Machen took comfort that the Bible is absolutely a “true account” because the One “whom the Christian worships is a God of truth.” If God is truth, then His Word—all of it—is truth. This doctrine of plenary inspiration (all of Scripture is the very Word of God) is the sure testimony of Scripture itself and of Jesus Himself. Scripture alone is the final seat of authority.

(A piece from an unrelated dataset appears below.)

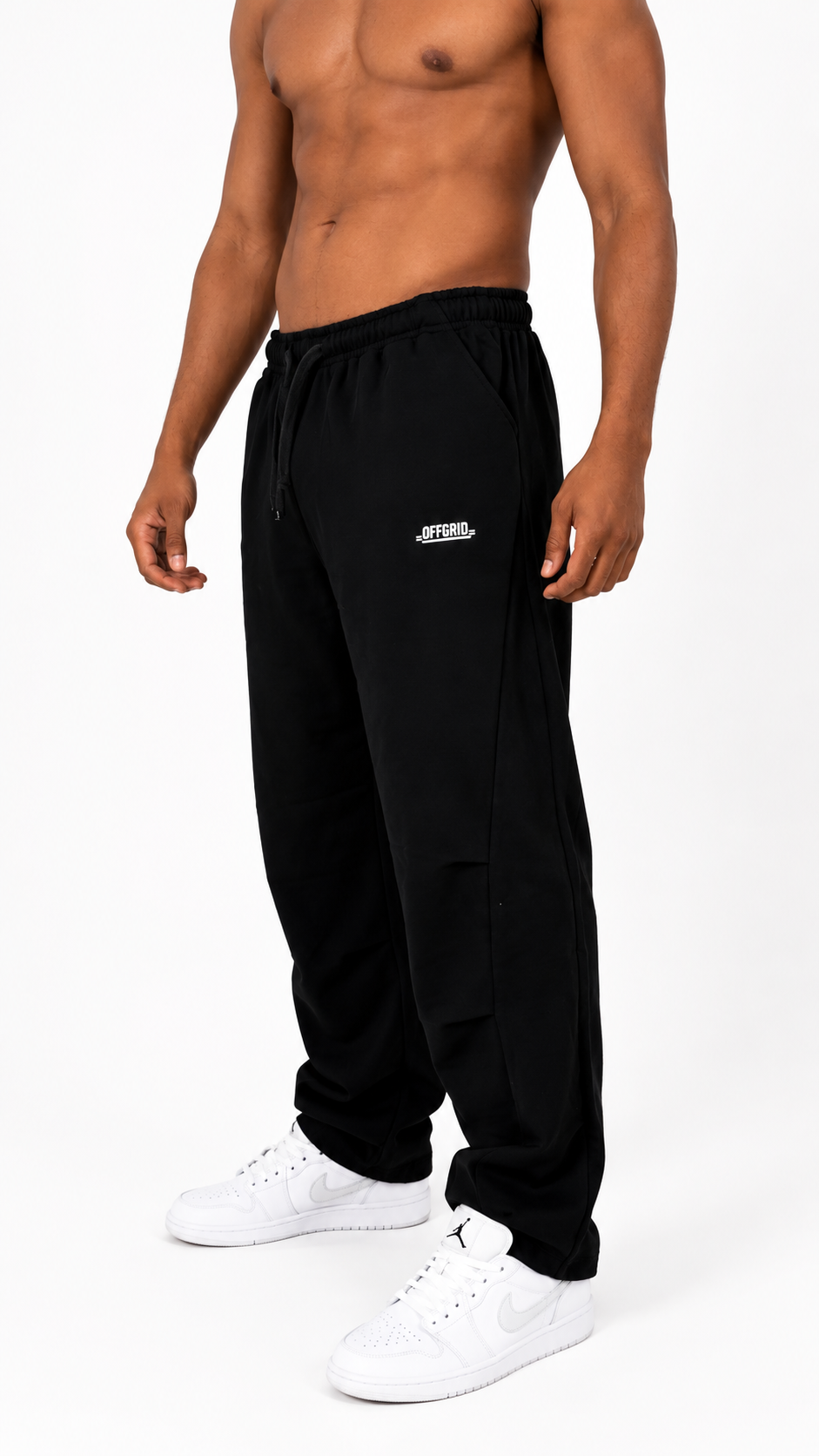 LOUD  Black (man)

Though the Reformation battles over justification by faith alone were intense, it has been rightly noted that the fiercest battle with the Roman Catholic Church concerned authority. Underlying the questions concerning the pure gospel of grace lay a fundamental question: “Who says?” This authority question did not hide in the shadows. For generations, Rome had plainly positioned its voice as the final infallible arbiter of truth, deciding how the church should interpret the Bible and tradition and delivering the final word concerning faith and understanding. To Rome, the final and infallible voice belongs to the Magisterium (the authoritative teaching of the bishops and pope), with special distinction for the pope when he speaks ex cathedra (from the chair).

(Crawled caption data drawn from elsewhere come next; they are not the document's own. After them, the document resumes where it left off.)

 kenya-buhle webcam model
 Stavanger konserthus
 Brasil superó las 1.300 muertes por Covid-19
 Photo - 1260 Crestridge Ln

The Reformers voiced their own protest, and with divine reason. The church and her officers must not sit in judgment over Scripture. The church is a creatura verbi, a creation of the Word. So understood, the church and all its officers sit under the Word of God. But Rome had usurped authority that belongs to God’s Word alone, converting and perverting the church’s derivative authority into definitive authority. The Reformers, therefore, uniformly spurned Rome’s claims that tradition and the Bible speak with voices of equal authority, rejected its tiebreaking magisterial voice, and repudiated its claims to infallibility. The Bible alone (sola Scriptura) suitably holds the infallibility moniker and serves alone as supreme judge (Westminster Confession of Faith 1.10).
Rome’s assumption of magisterial authority is only one manifestation of mankind’s persistent refusal to bow the knee to God’s Word. In the early twentieth century in the United States, J. Gresham Machen faced a new and formidable Word-defying foe: theological liberalism. While this opponent bore a different face from the one before the Reformers, its voice was loud, its clout strong, and the stakes high. Machen knew what he was up against, and with a Luther-like resolve under the conscious authority of Scripture, he valiantly asked, “Shall we accept the Jesus of the New Testament as our Saviour, or shall we reject Him with the liberal Church?”
Theological liberalism was in the very air of post–World War I modernism. And the mainline church had inhaled. Scandalized by the Scopes “monkey” trial, fundamentalist Christianity had become a cultural laughingstock, a resource-rich target of mockery for the educated and sophisticated. Harry Emerson Fosdick’s famous 1922 sermon “Shall the Fundamentalists Win?,” while contending for a supreme law of tolerance, not so subtly asserted his perception that the doctrines of the historic Christian faith were inane. Fosdick pleaded for everyone just to get along.